Thursday, May 29, 2008


WASH POST Obama has not emphasized any signature domestic issue, or signaled that he would take his party in a specific direction on policy, as Bill Clinton did with his "New Democrat" proposals in 1992 that emphasized welfare reform or as George W. Bush did with his "compassionate conservatism" in 2000, when he called on Republicans to focus more on issues such as education. . .

Heather Higginbottom, who runs Obama's policy office at the campaign's Chicago headquarters, cited education as one area in which Obama offers ideas that are not traditionally Democratic, arguing that the problem is not all about schools or funding, but about parents who let their children watch too much television. She said his proposal to give teachers bonus pay if they receive special training or if their students score high on standardized tests is an idea that some liberal-leaning teachers unions oppose. And she said the campaign has brought "fresh thinking" on many issues, particularly on one of Obama's favorites: increased government transparency. . .

David Axelrod, Obama's top political adviser, said that the campaign will devote more staff members to policy (there are now seven) and that the senator's speeches will increasingly highlight his proposals. "The next six months is going to be about competing visions for this country," he said. "Obama is looking forward, and his policies will reflect that."

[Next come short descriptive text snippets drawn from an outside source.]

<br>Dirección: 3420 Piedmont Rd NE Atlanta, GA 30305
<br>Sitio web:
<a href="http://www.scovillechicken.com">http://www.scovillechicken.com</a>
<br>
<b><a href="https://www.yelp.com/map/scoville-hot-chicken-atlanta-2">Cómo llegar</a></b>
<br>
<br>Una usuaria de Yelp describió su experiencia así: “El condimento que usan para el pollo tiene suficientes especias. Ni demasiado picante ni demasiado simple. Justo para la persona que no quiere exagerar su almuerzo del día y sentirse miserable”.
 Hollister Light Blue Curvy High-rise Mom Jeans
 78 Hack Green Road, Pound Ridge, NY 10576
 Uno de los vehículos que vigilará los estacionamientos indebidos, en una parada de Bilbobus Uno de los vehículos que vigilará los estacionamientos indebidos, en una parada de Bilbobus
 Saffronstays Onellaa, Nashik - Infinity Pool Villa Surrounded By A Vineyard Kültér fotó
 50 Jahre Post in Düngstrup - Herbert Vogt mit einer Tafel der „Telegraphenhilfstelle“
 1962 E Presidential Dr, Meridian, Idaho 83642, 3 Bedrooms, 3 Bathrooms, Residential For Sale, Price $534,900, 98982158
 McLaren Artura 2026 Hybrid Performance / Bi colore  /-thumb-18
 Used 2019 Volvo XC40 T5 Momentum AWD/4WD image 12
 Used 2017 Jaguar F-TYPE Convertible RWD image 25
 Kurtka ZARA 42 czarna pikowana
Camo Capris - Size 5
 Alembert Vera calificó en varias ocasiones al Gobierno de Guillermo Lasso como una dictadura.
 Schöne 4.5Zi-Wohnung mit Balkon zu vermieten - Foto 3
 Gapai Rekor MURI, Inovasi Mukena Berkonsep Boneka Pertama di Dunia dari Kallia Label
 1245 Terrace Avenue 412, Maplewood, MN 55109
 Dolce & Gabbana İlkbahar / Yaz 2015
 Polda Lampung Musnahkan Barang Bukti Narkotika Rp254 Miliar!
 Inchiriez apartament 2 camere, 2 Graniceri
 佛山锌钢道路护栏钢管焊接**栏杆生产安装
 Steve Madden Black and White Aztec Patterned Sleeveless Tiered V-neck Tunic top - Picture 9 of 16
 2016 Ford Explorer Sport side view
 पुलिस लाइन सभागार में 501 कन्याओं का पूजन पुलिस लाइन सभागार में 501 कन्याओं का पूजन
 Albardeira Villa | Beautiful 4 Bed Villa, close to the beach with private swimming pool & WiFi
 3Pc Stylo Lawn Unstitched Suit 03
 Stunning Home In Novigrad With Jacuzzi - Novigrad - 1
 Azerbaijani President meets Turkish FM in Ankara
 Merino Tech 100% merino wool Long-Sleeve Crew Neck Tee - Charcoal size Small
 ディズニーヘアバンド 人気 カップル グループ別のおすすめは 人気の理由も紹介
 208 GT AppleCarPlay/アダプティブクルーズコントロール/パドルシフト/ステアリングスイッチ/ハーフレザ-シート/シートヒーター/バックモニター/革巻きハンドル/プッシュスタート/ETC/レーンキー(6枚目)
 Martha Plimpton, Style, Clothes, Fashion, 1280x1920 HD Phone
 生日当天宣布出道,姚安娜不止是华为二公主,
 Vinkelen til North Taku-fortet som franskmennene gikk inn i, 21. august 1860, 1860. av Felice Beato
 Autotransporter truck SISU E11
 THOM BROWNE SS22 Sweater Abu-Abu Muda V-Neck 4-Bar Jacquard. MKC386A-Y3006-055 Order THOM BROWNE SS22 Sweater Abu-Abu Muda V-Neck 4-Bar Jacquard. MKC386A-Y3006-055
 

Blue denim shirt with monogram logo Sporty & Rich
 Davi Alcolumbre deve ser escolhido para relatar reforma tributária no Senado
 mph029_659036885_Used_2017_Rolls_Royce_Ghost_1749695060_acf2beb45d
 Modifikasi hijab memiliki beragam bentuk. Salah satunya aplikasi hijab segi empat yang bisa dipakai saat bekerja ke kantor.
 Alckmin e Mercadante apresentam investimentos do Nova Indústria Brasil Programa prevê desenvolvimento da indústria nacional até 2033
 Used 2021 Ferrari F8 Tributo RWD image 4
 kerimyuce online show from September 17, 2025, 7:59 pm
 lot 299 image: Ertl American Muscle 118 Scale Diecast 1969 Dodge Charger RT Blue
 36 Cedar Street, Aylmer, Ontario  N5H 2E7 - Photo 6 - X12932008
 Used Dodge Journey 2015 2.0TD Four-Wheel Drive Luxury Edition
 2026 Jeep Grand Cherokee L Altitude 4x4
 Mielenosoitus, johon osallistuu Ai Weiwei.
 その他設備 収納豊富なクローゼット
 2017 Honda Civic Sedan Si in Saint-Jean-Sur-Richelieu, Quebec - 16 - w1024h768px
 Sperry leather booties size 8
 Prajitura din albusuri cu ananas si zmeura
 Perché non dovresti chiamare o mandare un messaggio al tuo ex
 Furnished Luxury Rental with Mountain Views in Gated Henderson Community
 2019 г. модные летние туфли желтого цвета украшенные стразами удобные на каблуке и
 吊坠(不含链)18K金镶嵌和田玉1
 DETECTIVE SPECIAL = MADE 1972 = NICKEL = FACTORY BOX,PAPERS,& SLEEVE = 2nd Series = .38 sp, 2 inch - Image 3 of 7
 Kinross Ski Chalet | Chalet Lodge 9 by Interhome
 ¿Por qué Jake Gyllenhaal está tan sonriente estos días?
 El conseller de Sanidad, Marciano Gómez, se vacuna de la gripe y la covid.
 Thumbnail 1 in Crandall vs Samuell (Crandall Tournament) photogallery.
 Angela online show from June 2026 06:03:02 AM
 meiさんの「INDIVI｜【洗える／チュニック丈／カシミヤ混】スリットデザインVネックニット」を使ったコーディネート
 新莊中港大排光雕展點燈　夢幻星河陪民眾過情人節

Obama's domestic policy proposals, including expanding health care to all Americans and offering tax cuts for the middle class while raising taxes for those who make more than $250,000 a year, differ little from those that Clinton and other Democrats have proposed during the primaries. His ideas for solving the nation's housing crisis are similar to those of congressional Democrats, offering aid to people who cannot pay their mortgages and proposing a second economic stimulus package.